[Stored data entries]
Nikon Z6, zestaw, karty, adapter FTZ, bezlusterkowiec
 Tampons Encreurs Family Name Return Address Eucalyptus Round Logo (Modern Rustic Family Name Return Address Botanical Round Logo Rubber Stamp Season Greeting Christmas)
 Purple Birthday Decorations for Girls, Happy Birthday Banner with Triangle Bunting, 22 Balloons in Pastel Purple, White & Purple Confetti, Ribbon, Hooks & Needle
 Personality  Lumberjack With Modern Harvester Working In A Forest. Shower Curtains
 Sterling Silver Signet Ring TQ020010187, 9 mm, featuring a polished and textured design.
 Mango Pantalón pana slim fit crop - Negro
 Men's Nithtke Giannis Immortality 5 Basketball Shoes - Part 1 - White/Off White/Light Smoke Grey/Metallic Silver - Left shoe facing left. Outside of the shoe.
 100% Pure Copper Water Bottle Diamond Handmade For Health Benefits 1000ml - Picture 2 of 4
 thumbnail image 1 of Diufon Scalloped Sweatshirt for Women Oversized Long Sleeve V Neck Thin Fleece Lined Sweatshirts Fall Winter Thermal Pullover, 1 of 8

> PROMPT
Which lines above run from the one containing "Sterling Silver Signet" down to the one containing "Mango Pantalón pana slim fit crop - Negro"? Repeat exactly those, both ends included, and nothing else.

> EXERCISE ANSWER
 Sterling Silver Signet Ring TQ020010187, 9 mm, featuring a polished and textured design.
 Mango Pantalón pana slim fit crop - Negro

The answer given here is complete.